This time, it’s different: Bronx experts weigh in on borough’s long-rumored boom

Panelists see signs that the transformation is for real this time

From left: Vice President of NYCEDC Kate Van Tassel, BRP Development Corporation Director Andrew Cohen, Simone Healthcare Development President H. Guy Leibler and Breaking Ground President Brenda Rosen
From left: Vice President of NYCEDC Kate Van Tassel, BRP Development Corporation Director Andrew Cohen, Simone Healthcare Development President H. Guy Leibler and Breaking Ground President Brenda Rosen

UPDATED, 6:14 p.m., July 13: Every few years, there are proclamations that the Bronx is on the cusp of being the hottest borough in New York real estate. At a recent event on the borough’s future, the moderator had a simple question for the panelists: is it for real this time?

“The Bronx always seems to be the next big thing. There are articles from 10 years ago to 15 years ago,” said New York City Economic Development Corporation vice president Kate Van Tassel. “Does this time feel like it’s different?”
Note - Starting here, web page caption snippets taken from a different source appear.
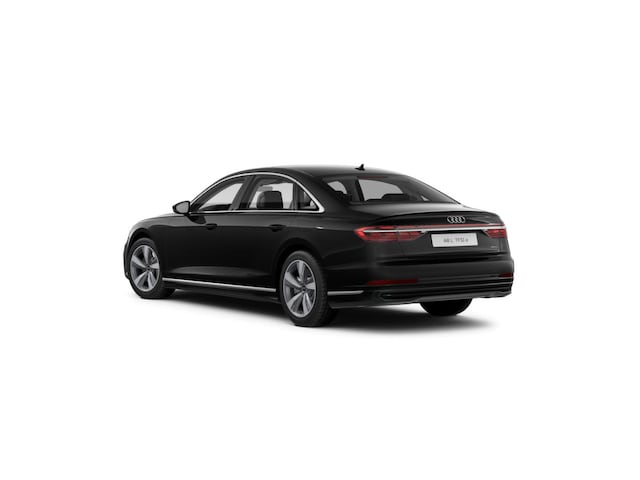 Audi A8 L TFSI E 60 TFSI E Quattro Tiptronic - - Joinsteer - #2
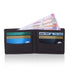 Bullrider 011 Genuine Leather Men's Wallet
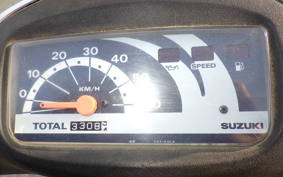 SUZUKI LET's 2 CA1PA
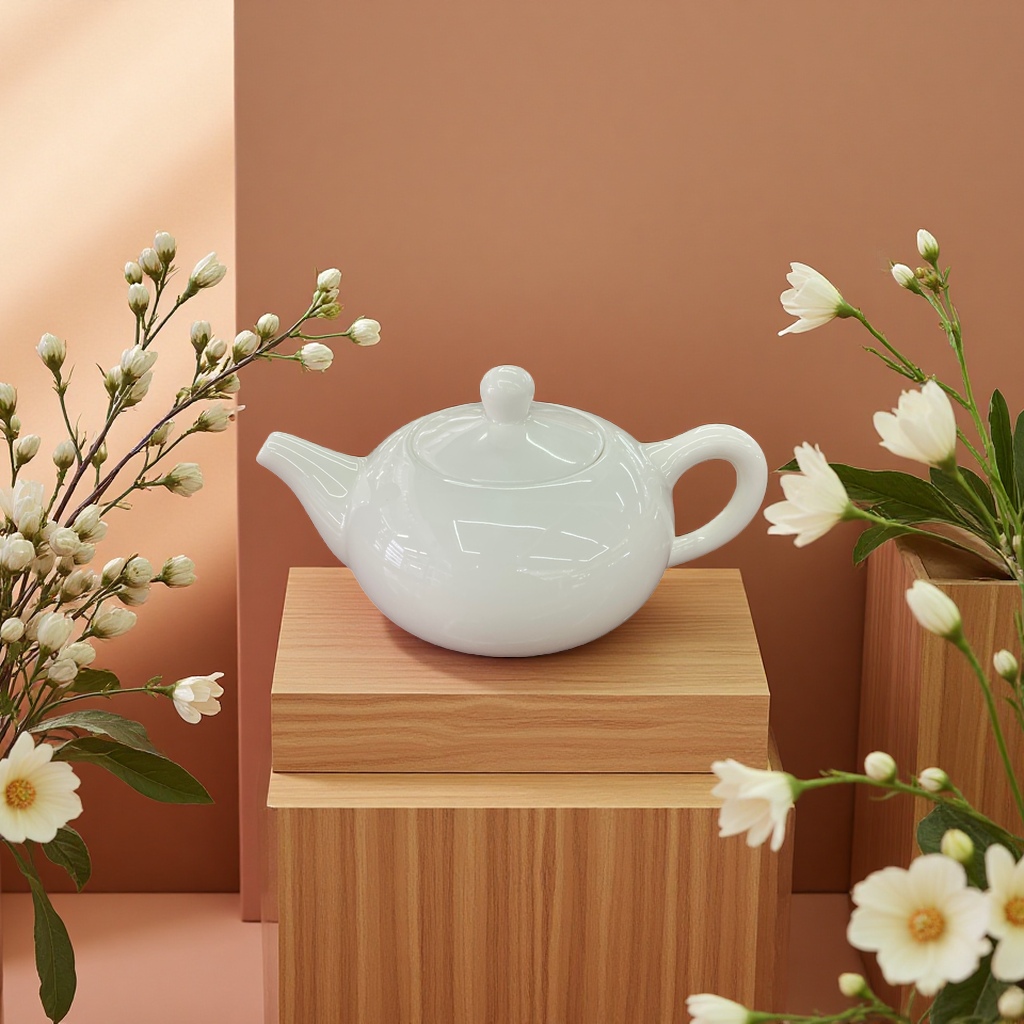 紫砂陶器产品图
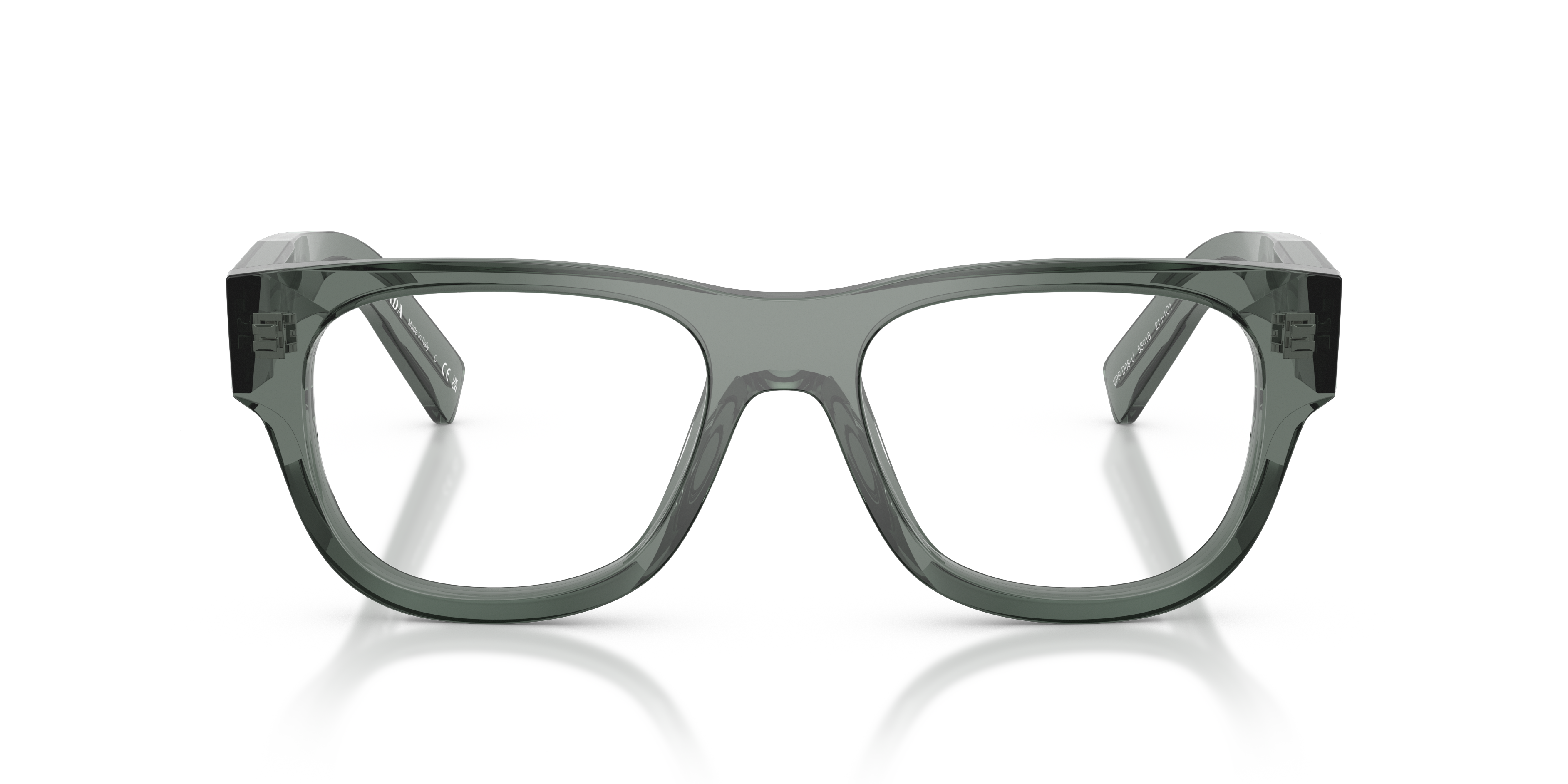 PRADA PR D08VU 21J1O1 51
The panelists at the Urban Land Institute New York event, which took place on Tuesday evening at the Bronx Museum of the Arts, responded with a similar variation on the same theme: yes, but…

“There is no straight line of success in any industry or any municipality,” said H. Guy Leibler, president of Simone Healthcare Development. “I think this time does feel a little bit different than the last several. I think part of it is the land speculation, and that has not happened by accident.”

Leibler, whose company spearheaded the Hutchinson Metro Center project in Pelham Bay, said Manhattan-based developers are now making inroads into the borough, and there is a large amount of land speculation taking place, something a recent analysis by The Real Deal also found. He framed the ultimate reason for the borough’s popularity as simple: it’s cheap, and young people are starting to move in.

“They’re cool, they’re hip, they’re happening, they’re interesting,” he said, “and other people follow them.”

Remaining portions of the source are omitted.